Born and reared in Lockport, Illinois, Esther Lloyd-Jones was a Bonbright Scholar at Northwestern University where she received her B.A. degree (summa cum laude) in 1923. She was first in the class (the first class) of 1,000. During 1921-23, she was an assistant in the university’s Department of Psychology and during 1922-23 an assistant also in the Department of Political Science. She was elected Beauty Queen in 1922 at Northwestern and also May Queen in 1923. She was Assistant Director of Personnel at Northwestern during 1924-26.
A Teachers College Fellow at Columbia University (TC) in the summer of 1923, TC awarded her a full scholarship for 1923-24. She received her M.A. (1924) and Ph.D. (1929) degrees in personnel work. The title of her dissertation was “Student Personnel Work.” During the summer of 1926, she served as a Lecturer in Counseling at TC and joined the staff in 1928 as Instructor in the Department of Student Personnel Administration. She was named Acting Chair in 1939, and Chair in 1941. Esther Lloyd-Jones was also director of TC’s Guidance Laboratory from 1935-61. She directed several NDEA counseling and guidance institutes in the 1960s. She resigned with the honor of Professor Emerita in 1966 from the Columbia Graduate School of Human Behavior, completing a 40-year work career there.
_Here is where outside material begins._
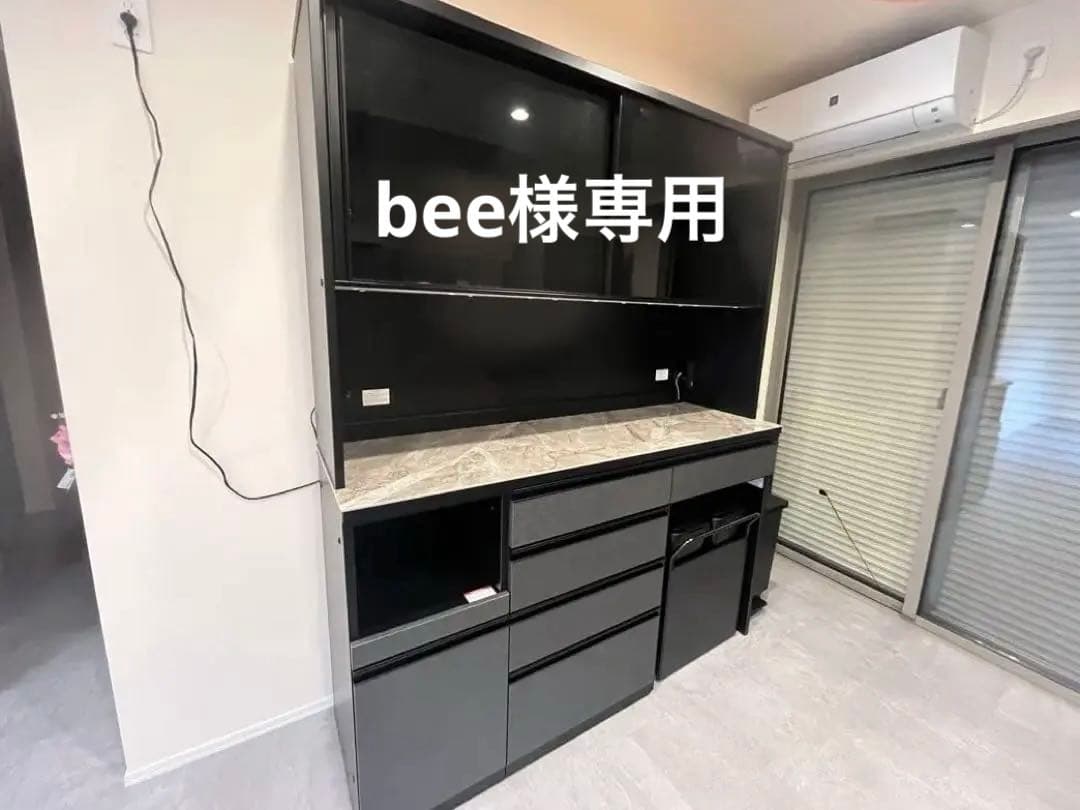 黒の食器棚・キッチンカウンター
Then from 1966 to 1976, Lloyd-Jones was Distinguished Professor of Human Behavior at United States International University in San Diego.
Lloyd-Jones first became a member of ACPA during 1929, when the small organization was still called NAPPO. Her first appearance on the annual program was at Atlantic City in 1930. She chaired the Editorial Committee during 1931-32. At the annual Business session in Washington, DC on February 18, 1932, Walters appointed her to chair a committee of three to see how many reports of the annual meeting could be published with available funds. He requested her both to serve on the Program Committee for the annual conference held in Minneapolis in1933 and serve as a member of the General Committee on College Personnel Principles, Functions, and Standards during 1932-33. The report of the Nominating Committee accepted by vote of those in attendance at the annual Business session in Minneapolis on February 25, 1933, listed Lloyd-Jones as secretary, the seventh person to hold that office. She was re-elected secretary the following year at the Cleveland conference. Also, she was an ACPA representative on the ACGPA Executive Committee from 1934 through the 1937 conference in New Orleans, and she was the representative on the ACGPA Coordination Committee during 1936-37. During the second morning of the 1935 conference, Lloyd-Jones was a discussant at the Personal Counseling section meeting.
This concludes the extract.